Brief> With the pictures left out, retype exactly the lines below starting at the line that contains "this 350×262 image." and ending at the line that contains "this 1270×952 image.".

══════════

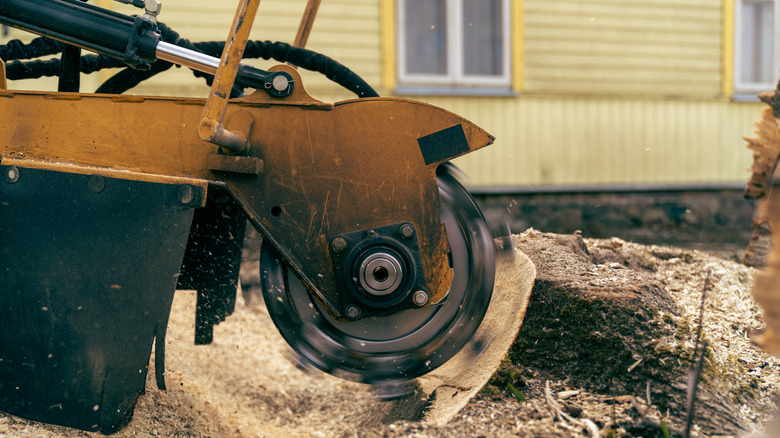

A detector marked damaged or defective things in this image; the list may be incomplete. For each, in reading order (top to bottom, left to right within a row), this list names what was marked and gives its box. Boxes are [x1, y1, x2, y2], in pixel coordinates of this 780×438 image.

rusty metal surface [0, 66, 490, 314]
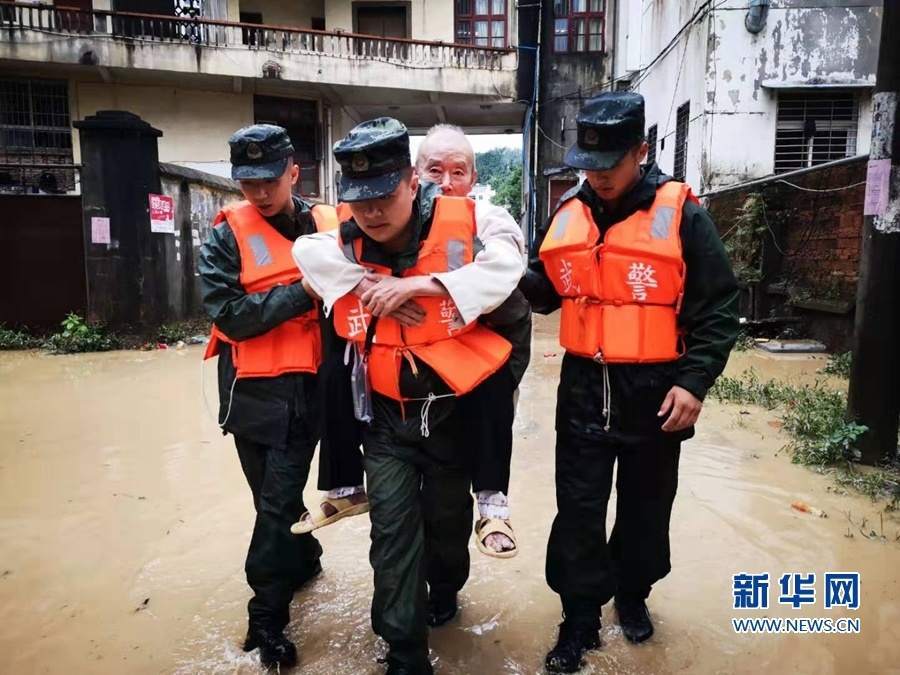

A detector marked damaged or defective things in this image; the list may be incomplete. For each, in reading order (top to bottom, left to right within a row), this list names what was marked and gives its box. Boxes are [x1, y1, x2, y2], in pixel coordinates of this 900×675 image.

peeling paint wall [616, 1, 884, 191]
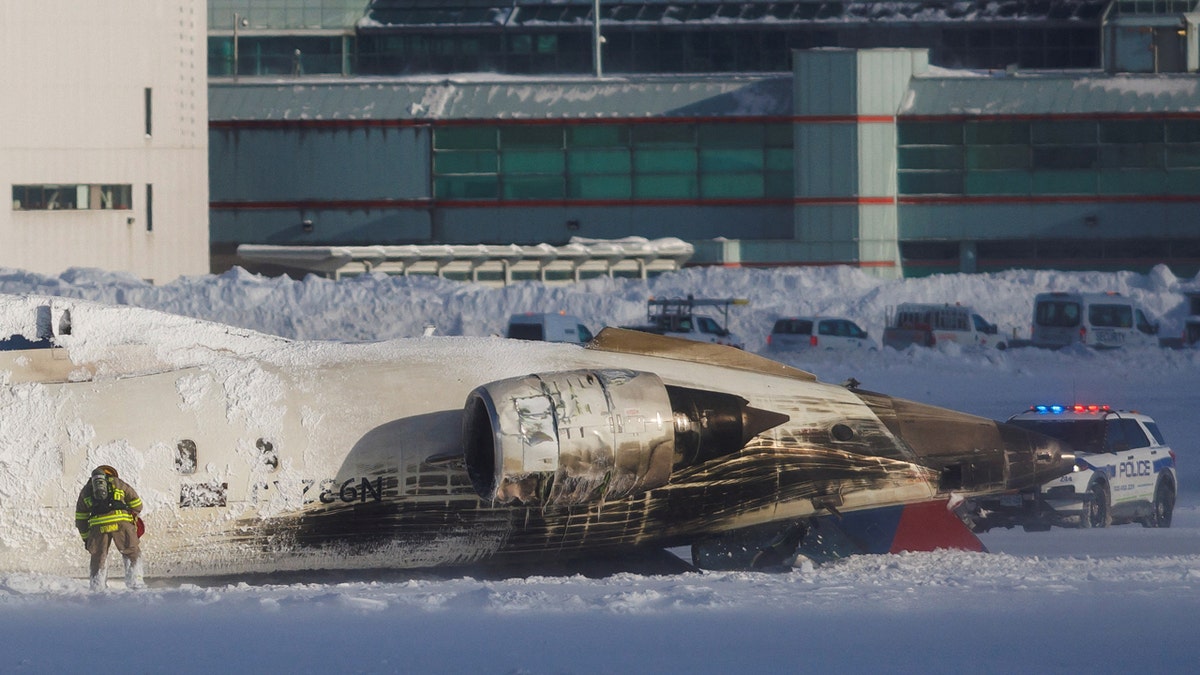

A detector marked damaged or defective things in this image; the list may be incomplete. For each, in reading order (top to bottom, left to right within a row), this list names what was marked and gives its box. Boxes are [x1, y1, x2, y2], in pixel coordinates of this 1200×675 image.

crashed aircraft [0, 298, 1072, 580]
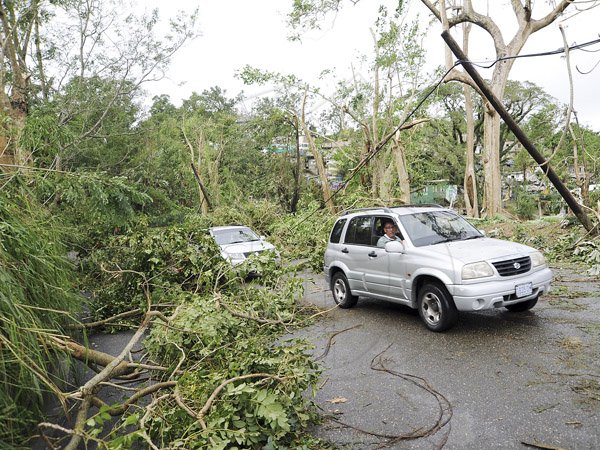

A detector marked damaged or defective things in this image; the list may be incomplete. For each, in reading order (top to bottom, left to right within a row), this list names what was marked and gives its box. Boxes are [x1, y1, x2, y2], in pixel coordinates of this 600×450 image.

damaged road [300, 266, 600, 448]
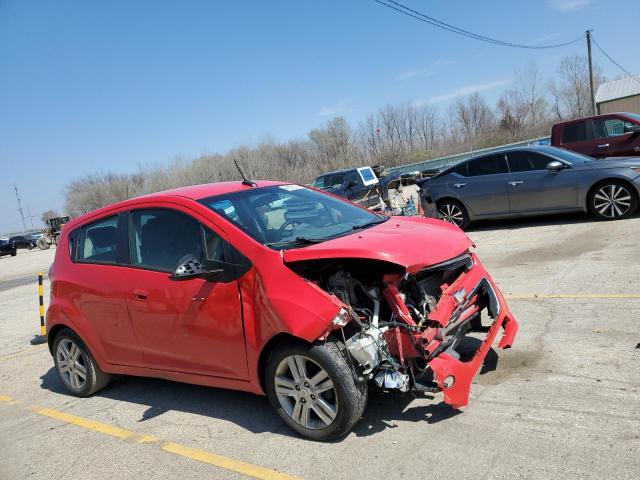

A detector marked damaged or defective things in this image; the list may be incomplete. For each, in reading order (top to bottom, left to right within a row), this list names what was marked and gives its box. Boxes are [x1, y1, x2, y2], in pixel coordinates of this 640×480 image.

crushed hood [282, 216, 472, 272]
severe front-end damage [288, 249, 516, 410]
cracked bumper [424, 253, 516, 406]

══════════

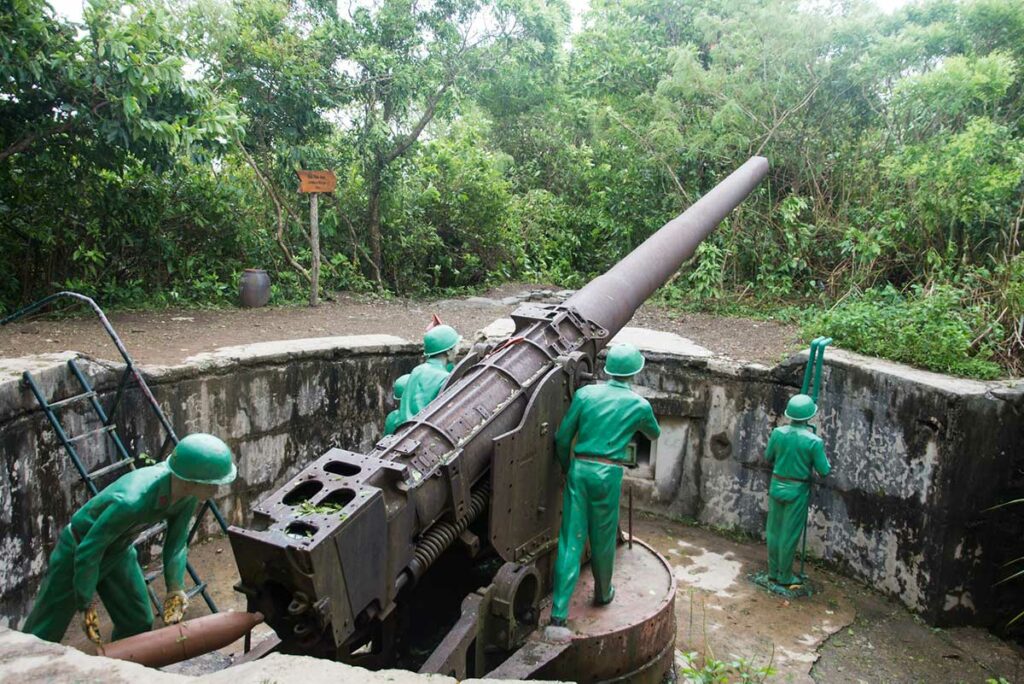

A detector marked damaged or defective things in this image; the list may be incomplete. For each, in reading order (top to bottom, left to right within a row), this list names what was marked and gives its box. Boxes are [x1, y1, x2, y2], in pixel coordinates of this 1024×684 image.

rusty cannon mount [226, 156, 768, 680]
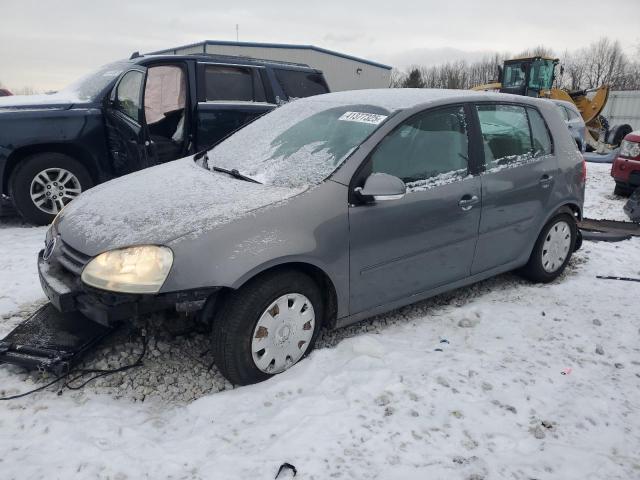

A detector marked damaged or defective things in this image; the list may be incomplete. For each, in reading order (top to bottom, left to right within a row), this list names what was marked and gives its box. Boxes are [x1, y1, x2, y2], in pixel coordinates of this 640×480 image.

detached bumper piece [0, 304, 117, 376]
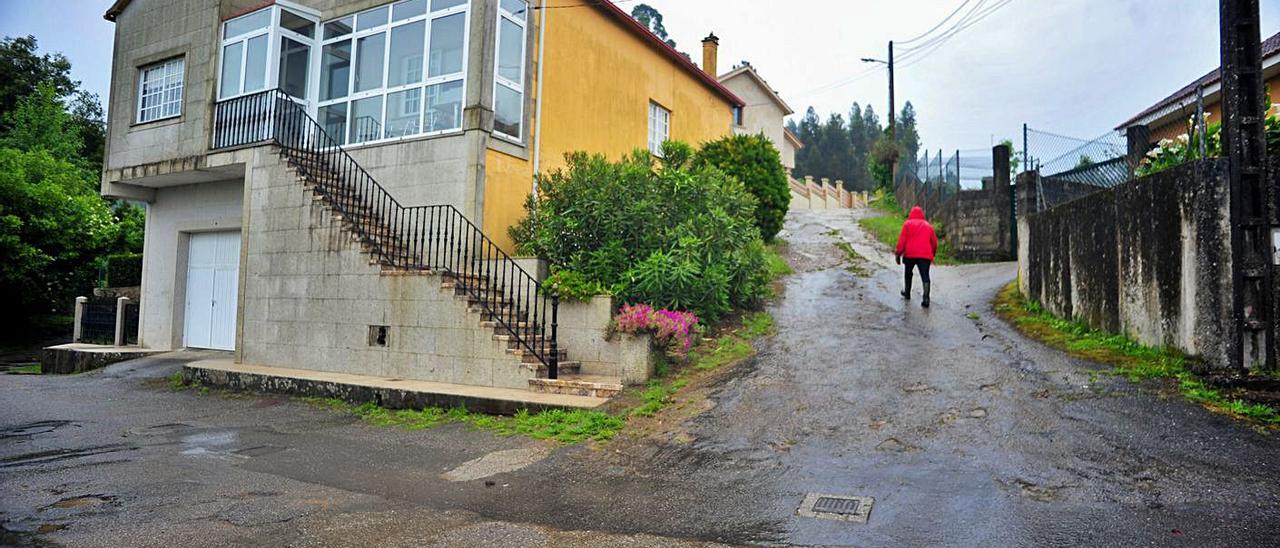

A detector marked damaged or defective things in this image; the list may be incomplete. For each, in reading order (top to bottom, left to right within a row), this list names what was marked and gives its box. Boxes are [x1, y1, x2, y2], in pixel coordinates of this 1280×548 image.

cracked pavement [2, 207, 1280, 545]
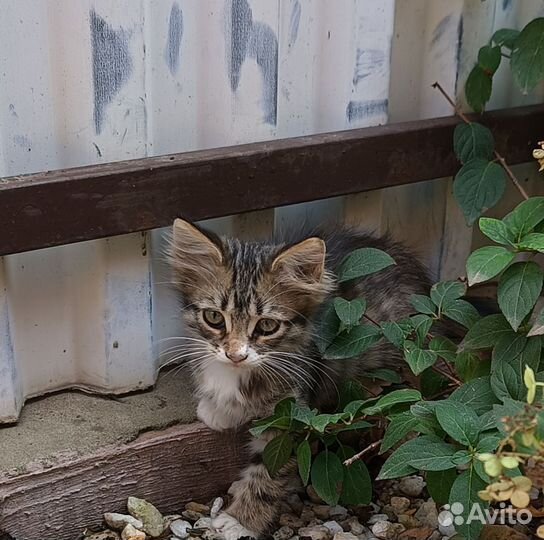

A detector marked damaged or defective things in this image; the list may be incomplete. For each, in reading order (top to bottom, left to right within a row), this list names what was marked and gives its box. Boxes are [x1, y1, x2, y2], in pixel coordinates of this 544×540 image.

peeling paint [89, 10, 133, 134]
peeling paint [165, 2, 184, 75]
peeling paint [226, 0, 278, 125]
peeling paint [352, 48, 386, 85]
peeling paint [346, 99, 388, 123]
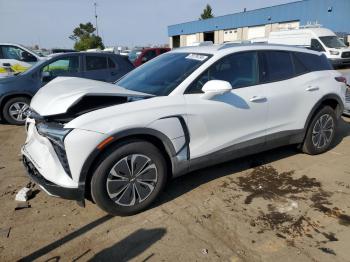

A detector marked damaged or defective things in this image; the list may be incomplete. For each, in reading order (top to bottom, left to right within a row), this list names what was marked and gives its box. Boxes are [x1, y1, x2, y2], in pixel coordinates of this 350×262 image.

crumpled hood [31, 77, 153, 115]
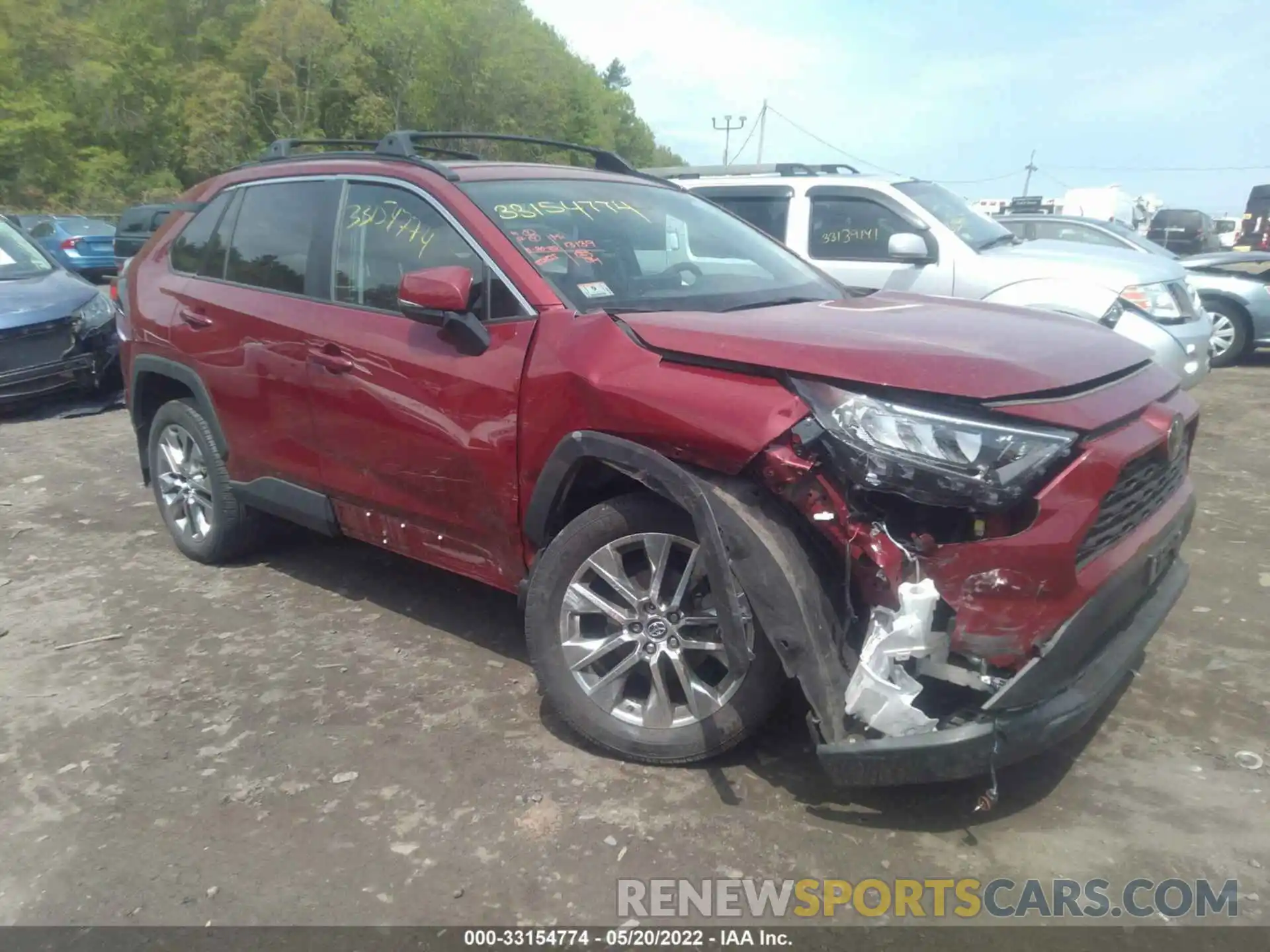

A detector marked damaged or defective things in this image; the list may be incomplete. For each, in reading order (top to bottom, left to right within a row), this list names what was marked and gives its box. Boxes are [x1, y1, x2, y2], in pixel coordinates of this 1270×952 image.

══════════

Exercise solution>
A detector marked damaged or defective things in this image; the list may be incomplete. For each, in reading order (top to bottom, left to right within a row), this list names what was marked and gives its box. Boxes are [x1, y1, x2, y2], in pixel coordinates of this 350×262 image.

crumpled hood [31, 77, 153, 115]

A detector marked damaged or defective things in this image; the list may be incomplete. For each, in reading order (top to bottom, left to right within a row), this list names what was marked and gives its box. Boxes are [x1, y1, x2, y2], in pixel coordinates of this 1270×952 image.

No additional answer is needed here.